Use the OpenPipe SDK as a drop-in replacement for the generic OpenAI package. Calls sent through the OpenPipe SDK will be recorded by default for later training. You’ll use this same SDK to call your own fine-tuned models once they’re deployed.

Find the SDK at https://pypi.org/project/openpipe/

Installation

pip install openpipe

Simple Integration

Add OPENPIPE_API_KEY to your environment variables.

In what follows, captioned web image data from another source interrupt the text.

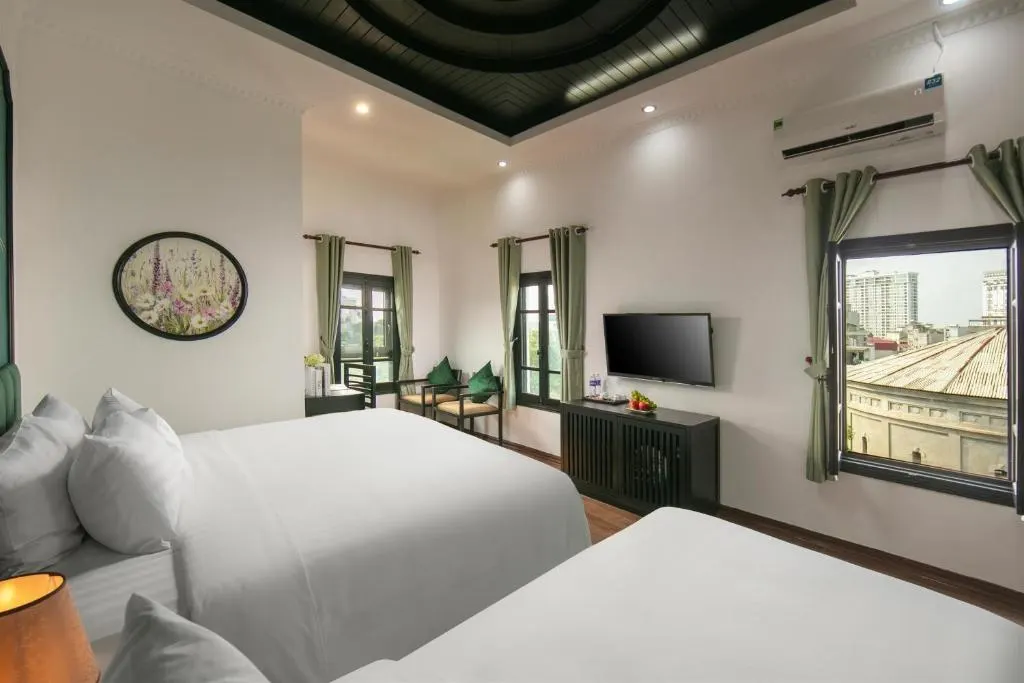 Twin room with two beds and a wide window over the rooftops
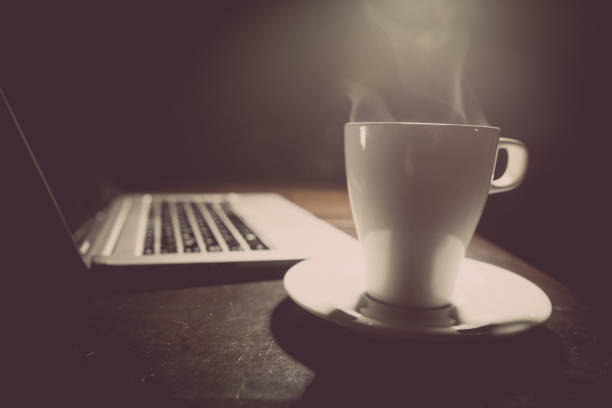 istock Laptop keyboard, with a cup of hot coffee 664582402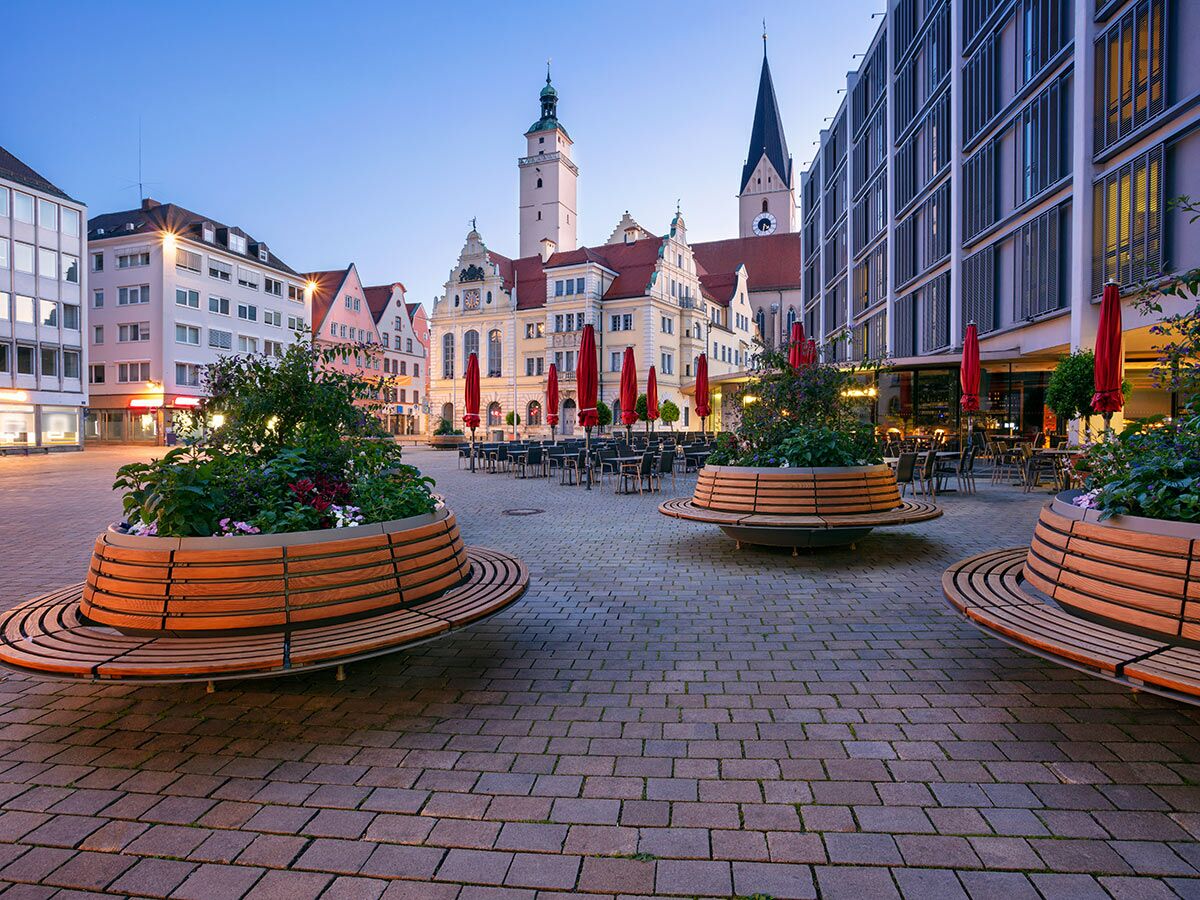 Panoramablick auf den historischen Altstadtplatz von Landshut in der Dämmerung mit modernen Sitzbänken, Cafés und beleuchteten Gebäuden.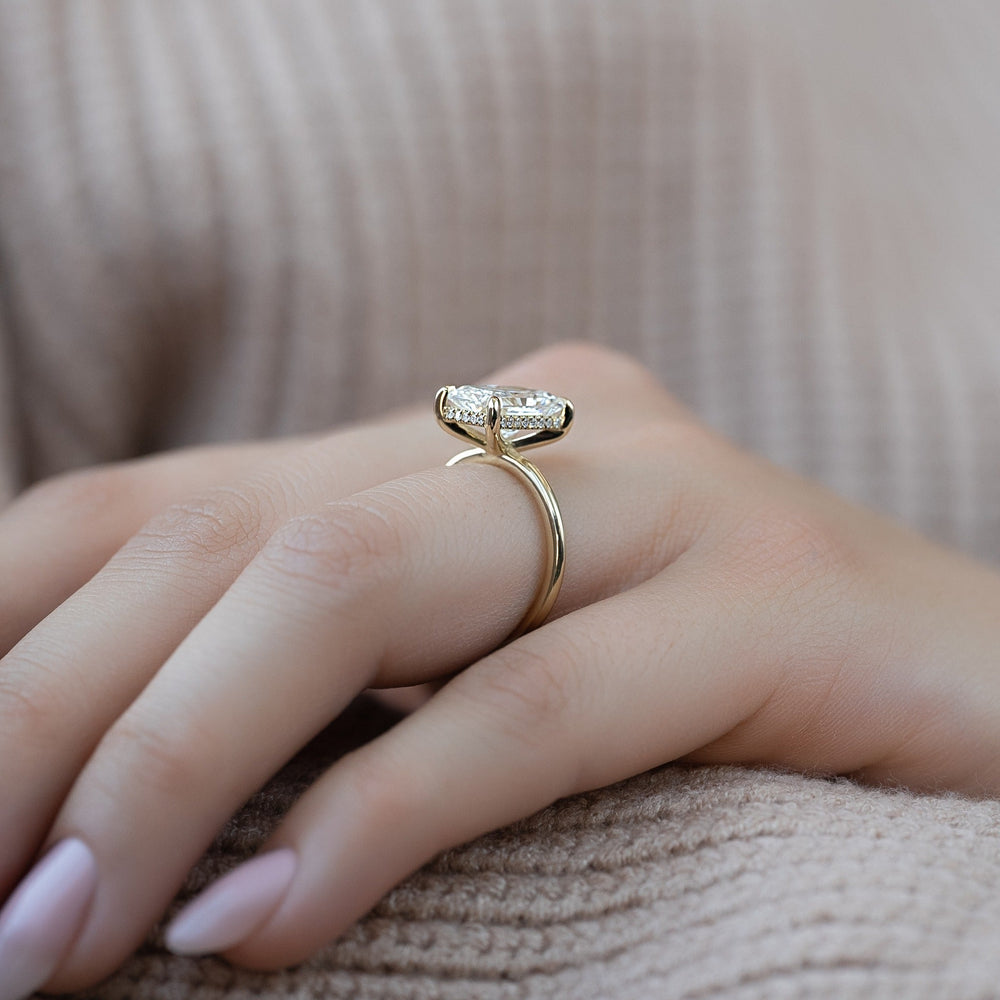 Certified radiant cut diamond featured in hidden halo engagement ring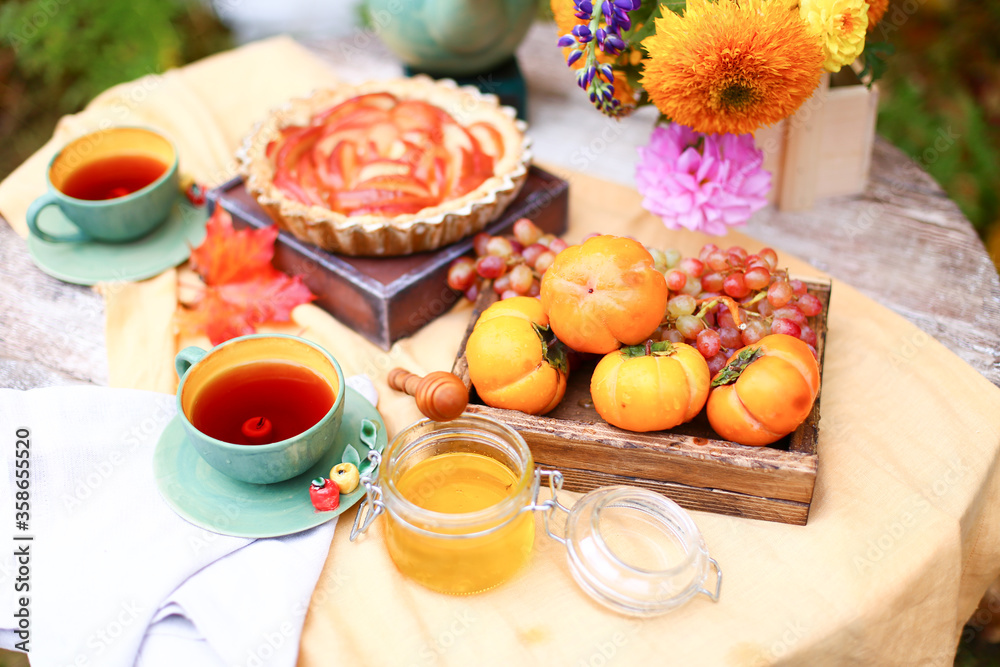 Autumn picnic. Tea party with beautiful kettle, cups at wooden table in garden. Harvest festival. Honey with stick, spoon, apple pie, persimmons, grapes, maple leaf, flowers, yellow linen tablecloth Autumn picnic. Tea party with beautiful kettle, cups at wooden table in garden. Harvest festival. Honey with stick, spoon, apple pie, persimmons, grapes, maple leaf, flowers, yellow linen tablecloth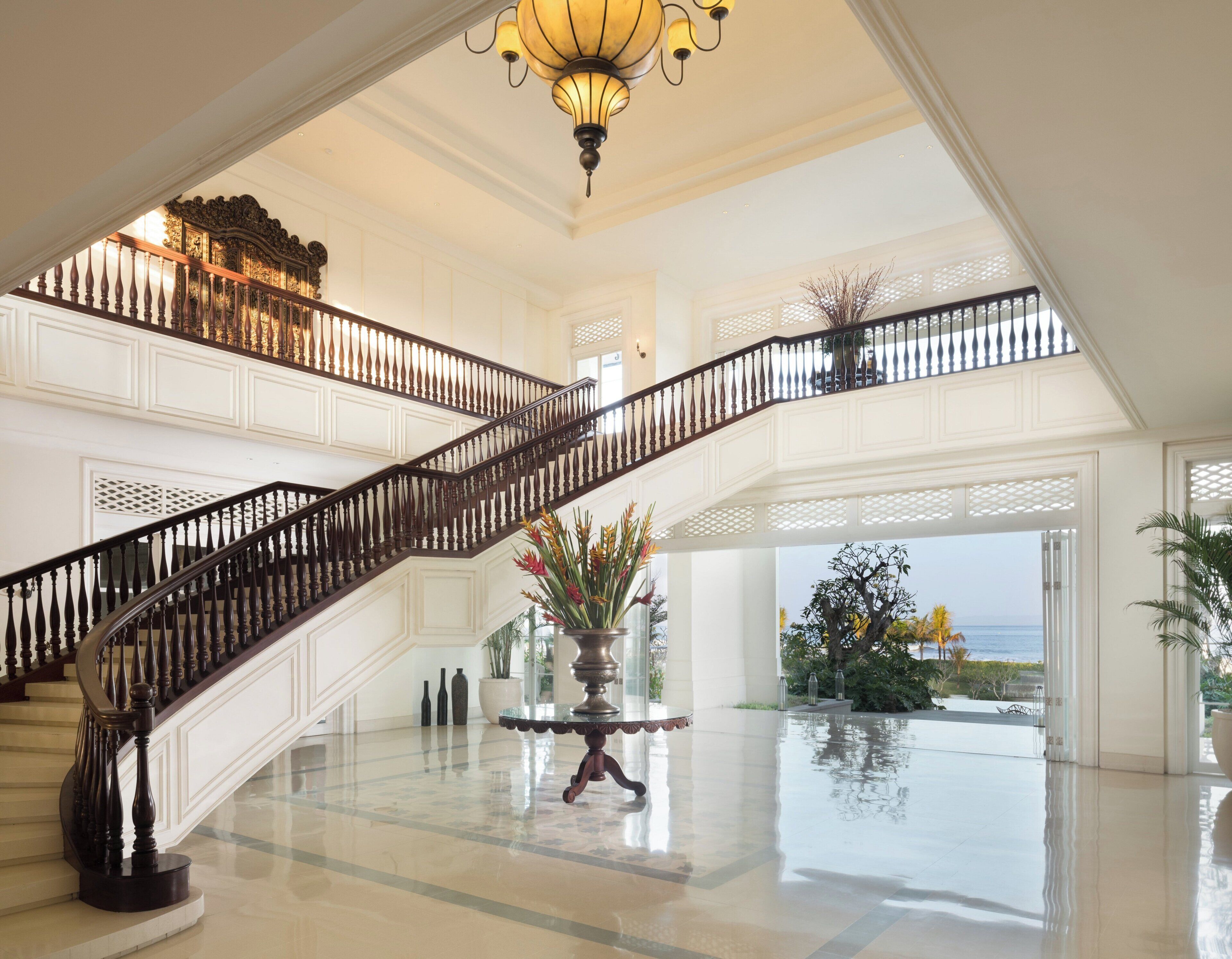 A grand staircase with a balustrade leading to a balcony overlooking a pool and ocean view.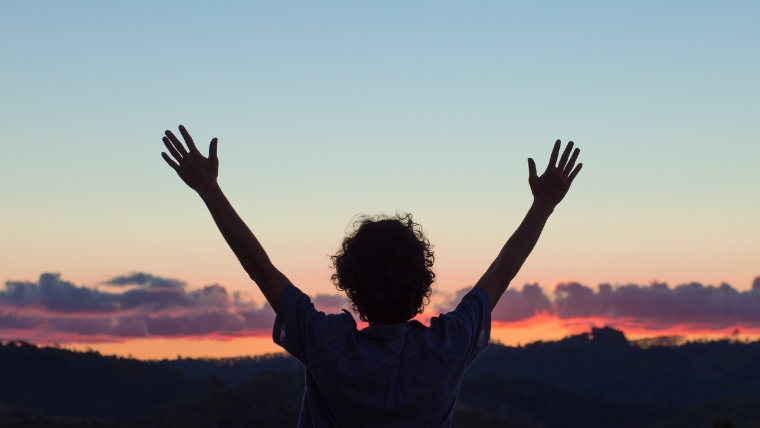 A silhouette of a person with open arms in front of a sunset | How To Transform Your Life with a Consistent Gratitude Practice | Mindful Health Solutions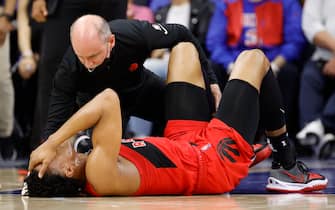 PHILADELPHIA, PENNSYLVANIA - APRIL 16: Scottie Barnes #4 of the Toronto Raptors receives medical attention during the fourth quarter against the Philadelphia 76ers during Game One of the Eastern Conference First Round at Wells Fargo Center on April 16, 2022 in Philadelphia, Pennsylvania. NOTE TO USER: User expressly acknowledges and agrees that, by downloading and or using this photograph, User is consenting to the terms and conditions of the Getty Images License Agreement. (Photo by Tim Nwachukwu/Getty Images)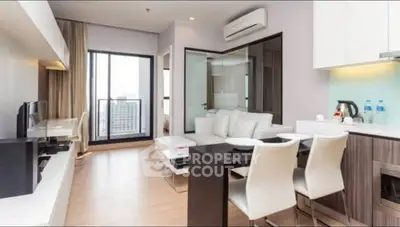Modern open-plan living room with sleek furniture and city view balcony.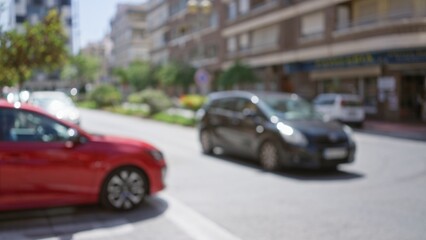 Blurred cars on a city street with buildings in the background and trees lining the sidewalk on a sunny day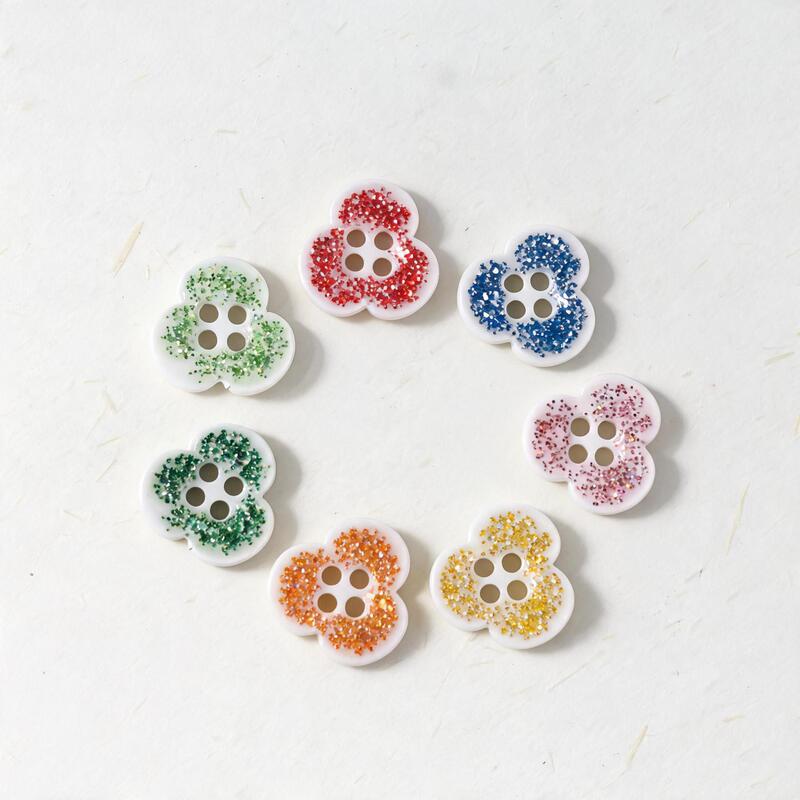 Hot-selling clover-shaped glitter plastic buttons, direct wholesale from manufacturer of children's and women's clothing accessories Hot-selling clover-shaped glitter plastic buttons, direct wholesale from manufacturer of children's and women's clothing accessories
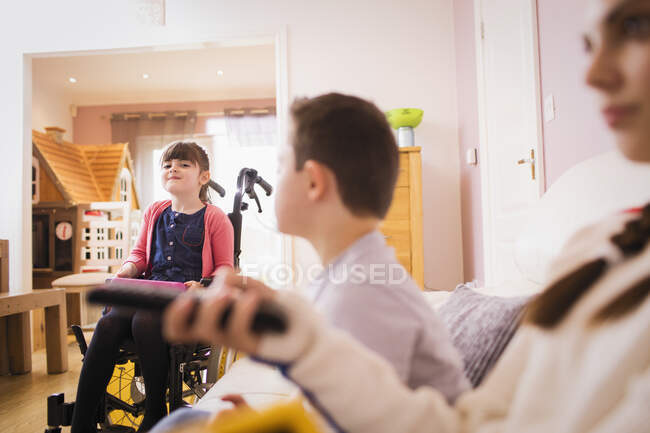 Menina feliz em cadeira de rodas com irmãos em casa — Fotografia de Stock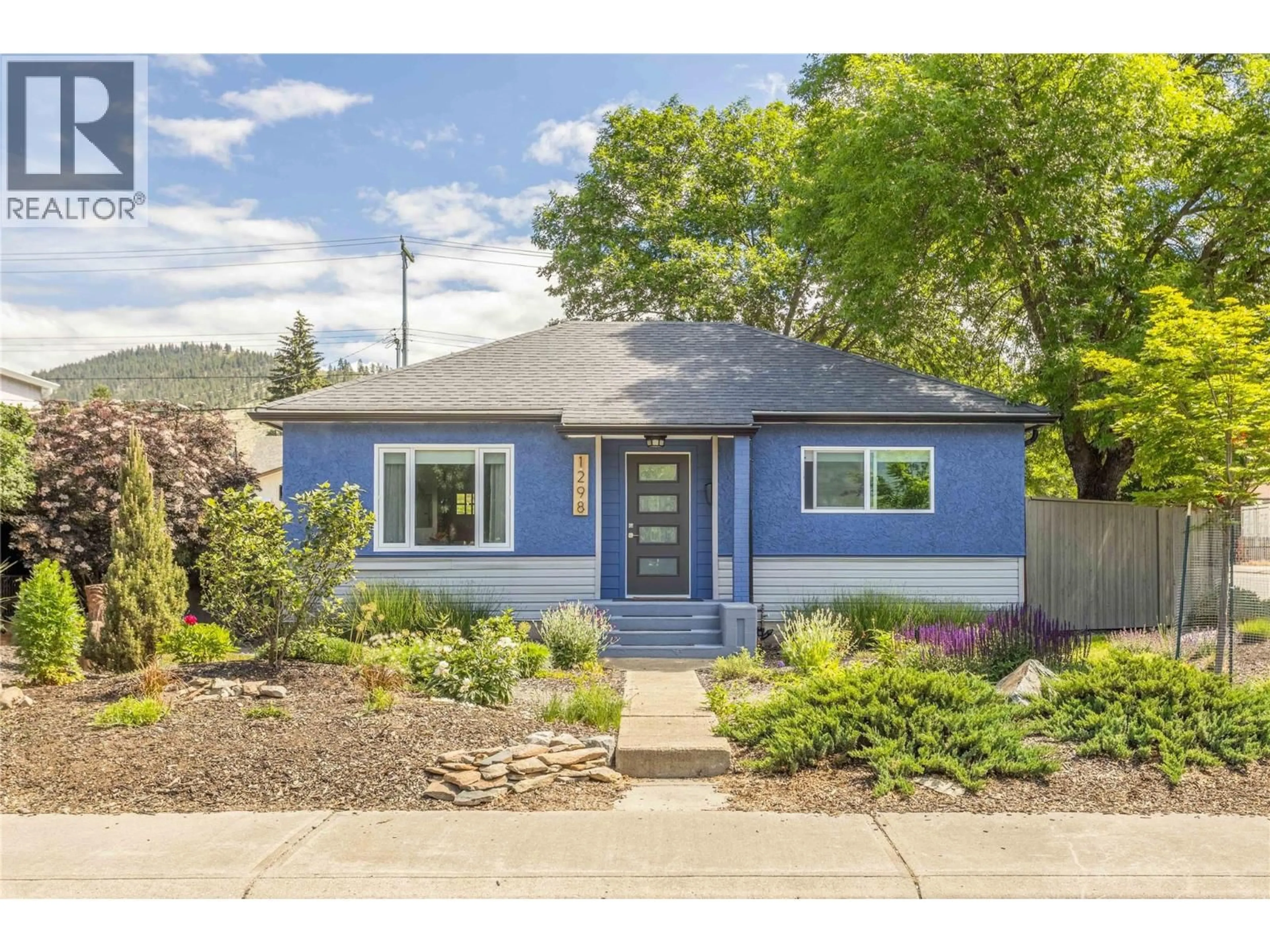 Home with vinyl exterior material, street for 1298 KILWINNING STREET, Penticton British Columbia V2A4P3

export OPENPIPE_API_KEY=opk-<your-api-key>
# Or you can set it in your code, see "Complete Example" below

Replace this line

from openai import OpenAI

with this one

from openpipe import OpenAI

Adding Searchable Metadata Tags

OpenPipe follows OpenAI’s concept of metadata tagging for requests. You can use metadata tags in the Request Logs view to narrow down the data your model will train on. We recommend assigning a unique metadata tag to each of your prompts. These tags will help you find all the input/output pairs associated with a certain prompt and fine-tune a model to replace it.

Here’s how you can use the tagging feature:

Complete Example

from openpipe import OpenAI
import os

client = OpenAI(
    # defaults to os.environ.get("OPENAI_API_KEY")
    api_key="My API Key",
    openpipe={
        # defaults to os.environ.get("OPENPIPE_API_KEY")
        "api_key": "My OpenPipe API Key",
        # optional, defaults to process.env["OPENPIPE_BASE_URL"] or https://api.openpipe.ai/api/v1 if not set
        "base_url": "My URL",
    }
)

completion = client.chat.completions.create(
    model="gpt-3.5-turbo",
    messages=[{"role": "system", "content": "count to 10"}],
    metadata={"prompt_id": "counting", "any_key": "any_value"},
)

Should I Wait to Enable Logging?

We recommend keeping request logging turned on from the beginning. If you change your prompt you can just set a new prompt_id metadata tag so you can select just the latest version when you’re ready to create a dataset.